Material to process ▸
————

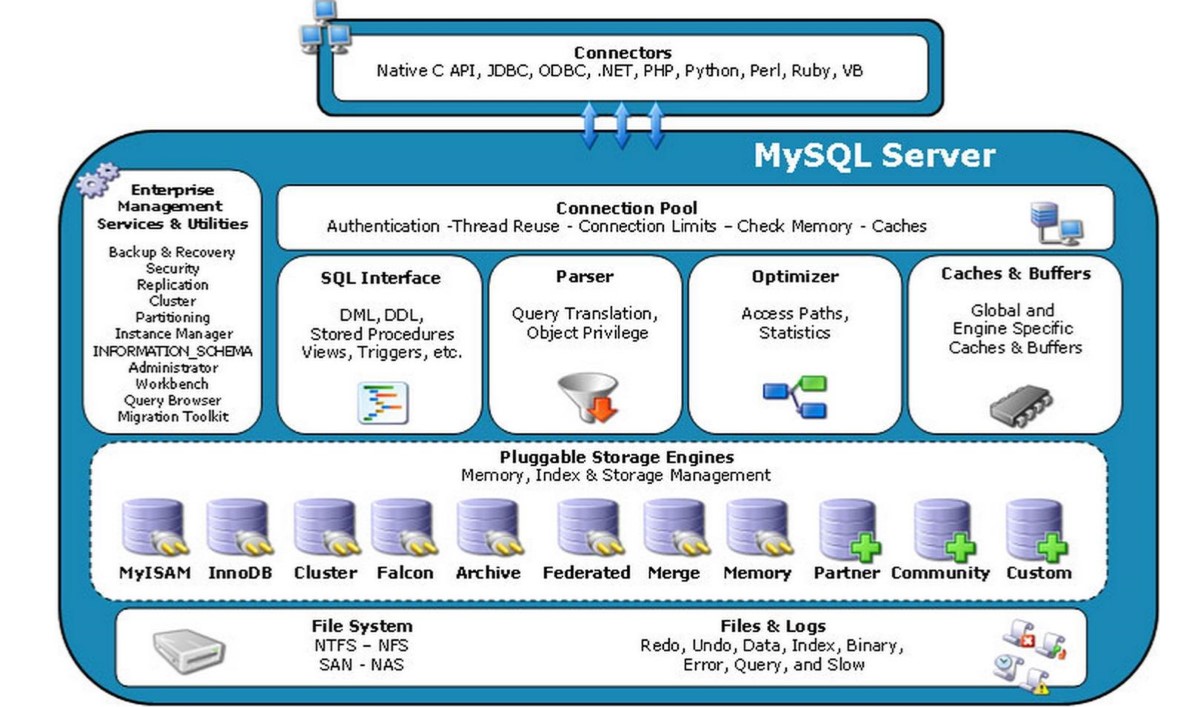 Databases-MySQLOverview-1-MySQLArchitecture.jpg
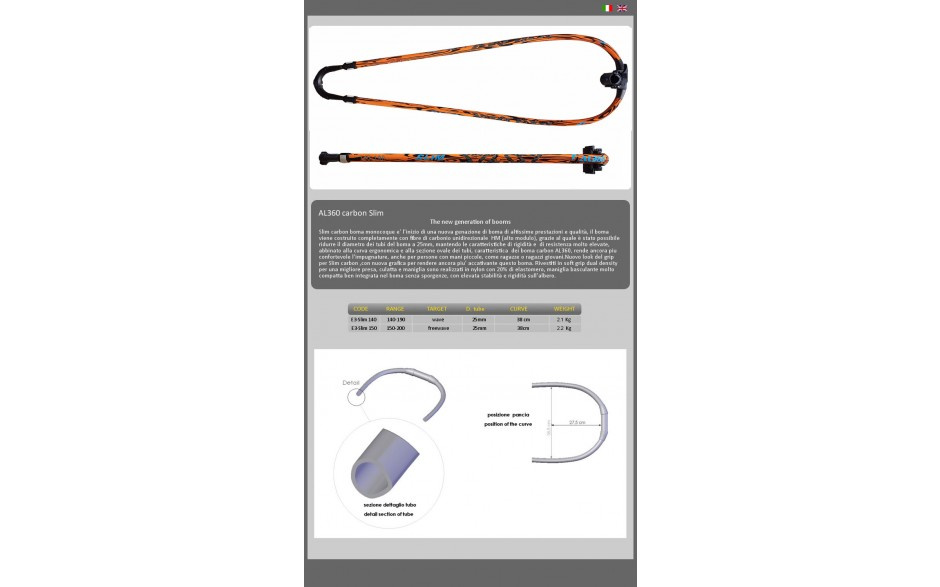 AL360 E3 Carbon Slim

————

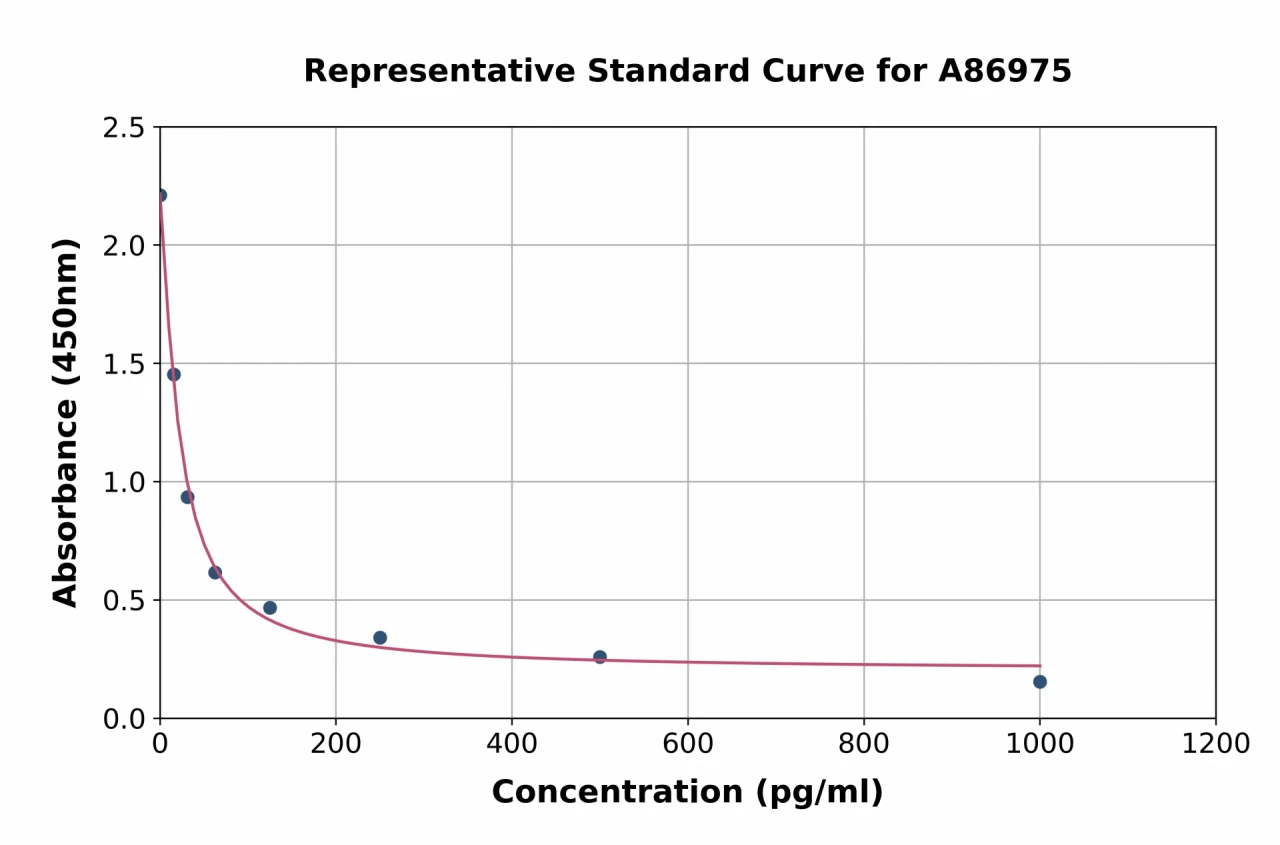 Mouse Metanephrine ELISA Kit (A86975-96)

————

Exercise description ▸
Retype the lines above exactly as they appear, from the line containing "Databases-MySQLOverview-1-MySQLArchitecture.jpg" through the line containing "AL360 E3 Carbon Slim", and leave out any pictures.

Output of the task ▸
 Databases-MySQLOverview-1-MySQLArchitecture.jpg
 AL360 E3 Carbon Slim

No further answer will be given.